Me dejó completamente desconcertado. Se suponía que ante la pregunta de un superior yo debía responder con diligencia, pero no sabía qué decir. ¿Acaso no había hecho lo que se esperaba de mí? ¿Había incumplido alguna norma? ¿Debía responder con los requisitos generales para ser un guardia suizo? Me sentía examinado y un tanto avergonzado por mi cavilación. Era consciente de mi pobre expediente académico, de mi discreto paso por el servicio militar, así como de mi timidez para relacionarme con mis compañeros. Sin embargo desde el principio yo había tratado de hacer las cosas bien. Cumplía mis cometidos, obedecía las órdenes, bueno, con la sola excepción de la audiencia a los enfermos cuando abandoné mi puesto para acercarme a... ¡Ah, se trataba de eso! El cabo Schnieper al fin le había ido con el cuento al comandante. Un mes después tenía que salir aquello. Me parecía demasiado audaz por su parte. Quizá lo había hecho a través de algún capitán, o del sargento mayor. Con la que estaba cayendo y me tenía que tragar una amonestación por un incidente tan baladí.

– Lo desconozco, mi comandante –contesté por fin preparándome para la reprimenda.

– Yo se lo diré –apoyó los codos sobre la mesa entrecruzando los dedos de ambas manos–. Por su discreción. Y de ella vamos a necesitar.

¿Mi discreción? No había broncas ni reproches. Su tono era elogioso, casi amistoso. Sentí un alivio enorme.

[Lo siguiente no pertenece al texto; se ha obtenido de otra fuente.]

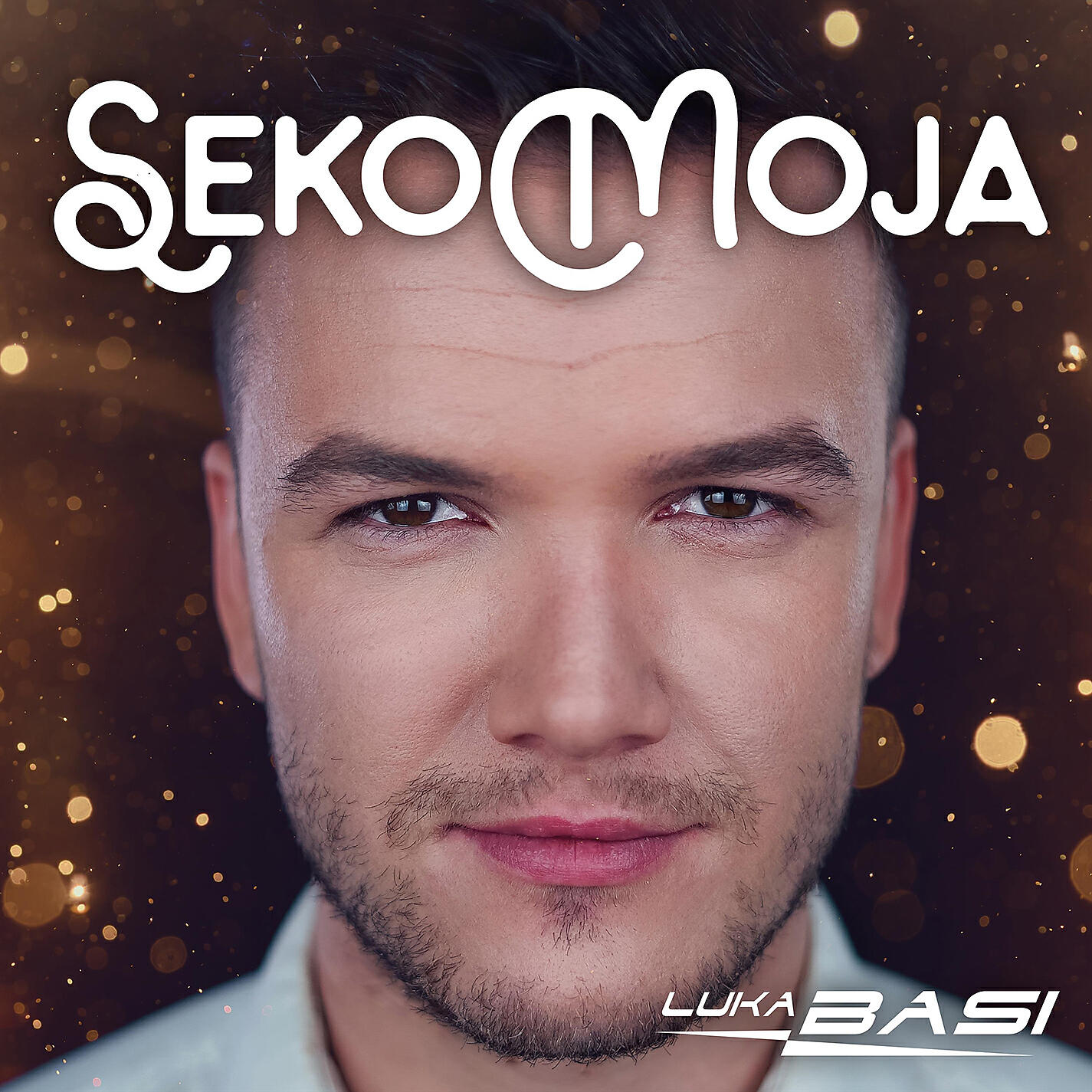 Релиз Seko moja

– Se le va a encomendar una misión muy especial; por ello, desde este mismo momento y hasta nueva orden queda relevado de todo servicio. El vicecomandante Vock está informado de ello. Deberá tener los ojos y los oídos bien abiertos, y la boca cerrada. ¿Me comprende?

– Sí, mi comandante.

– Y una cosa más. Únicamente deberá informarme a mí; a nadie más –enfatizó–. Da igual que sea un miembro de la Curia, el arcángel San Gabriel o su confesor, de todo lo que vea y oiga durante su misión deberá guardar un mutismo absoluto.

– Así lo haré, mi comandante –respondí.

Desasió las manos y se dejó caer sobre el respaldo.

– Está bien. Que Dios y nuestros Santos Patronos le ayuden. Ahora vaya a su cuarto y recoja sus cosas. El sargento Müller le va a asignar una nueva dependencia. Dentro de una hora preséntese aquí con una maleta y ropa para un par de días. Salimos de viaje.

– ¿Debo llevar los uniformes, mi comandante? –acerté a preguntar en mi perplejidad.

– No. A donde vamos no le van a hacer falta.